# WORK INSTRUCTIONS:
Transcribe only the lines from the one containing "Natural vermilion beads" through the final line of the entries below, exactly, and exclude the pictures.

# SOURCE DATA:
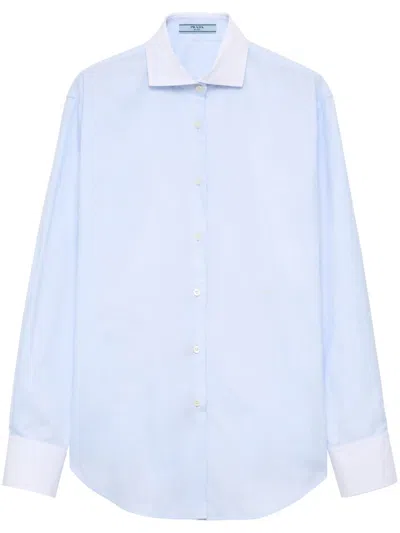 Prada Embroidered Cotton Shirt In Blue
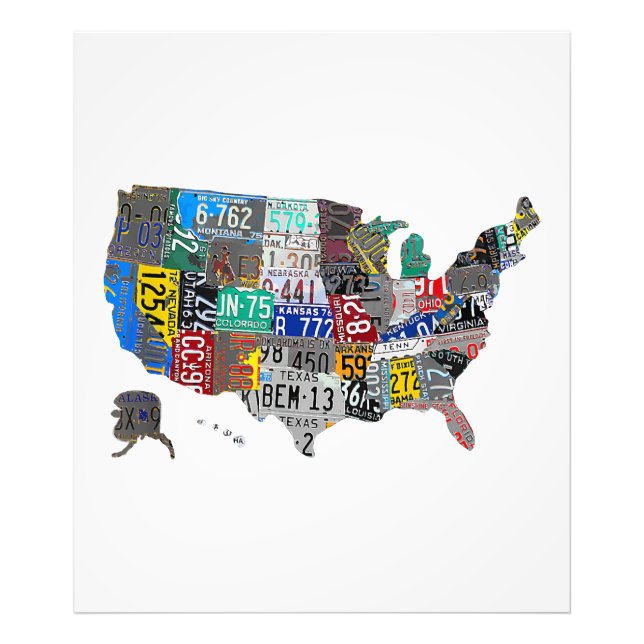 US American United States Map Flag License Plate A Photo Print (Front)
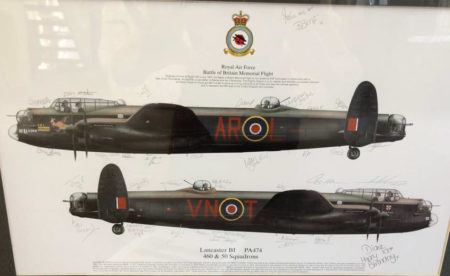 Royal Air Force Battle of Britain Memorial Flight signed illustration of Lancaster BI PA 474 460 & 50 Squadrons presented to Stanley. Photo by Louise Smith (26 April 2022). Courtesy of Pat Vinycomb. 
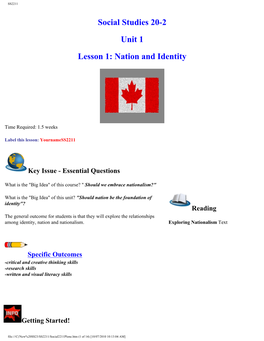 Social Studies 20-2 Unit 1 Lesson 1: Nation and Identity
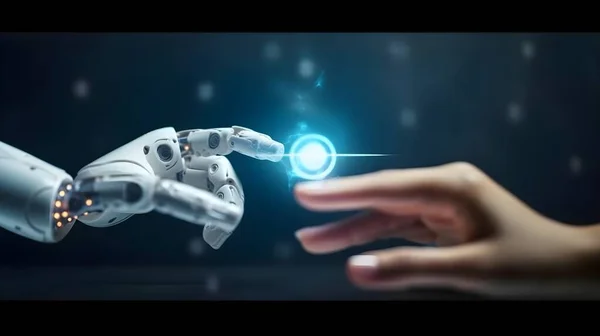 人間とロボットの手の指に触れ 一緒に接続します Aiの概念 人間とロボットの未来技術の概念 — ストック写真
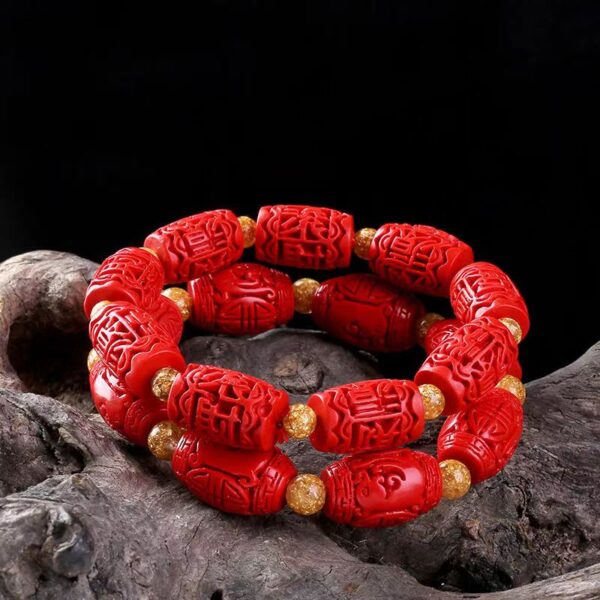 Natural vermilion beads bracelet - prosper fortune and career, protect and balance energy - Image 2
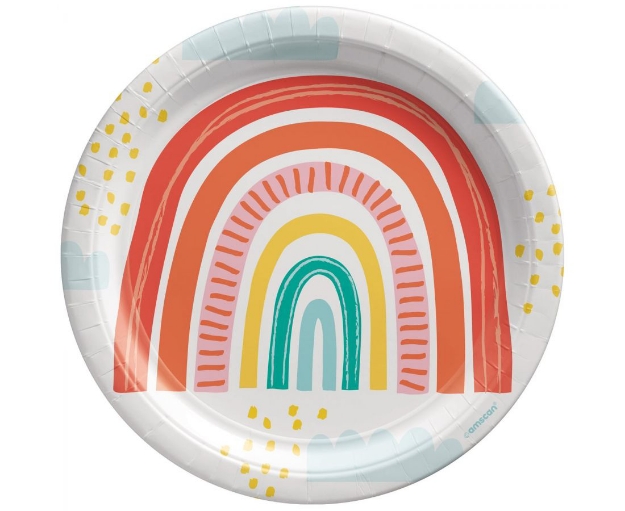 Picture of Paper plates (23cm) - Retro rainbow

# ANSWER TO THE EXERCISE:
 Natural vermilion beads bracelet - prosper fortune and career, protect and balance energy - Image 2
 Picture of Paper plates (23cm) - Retro rainbow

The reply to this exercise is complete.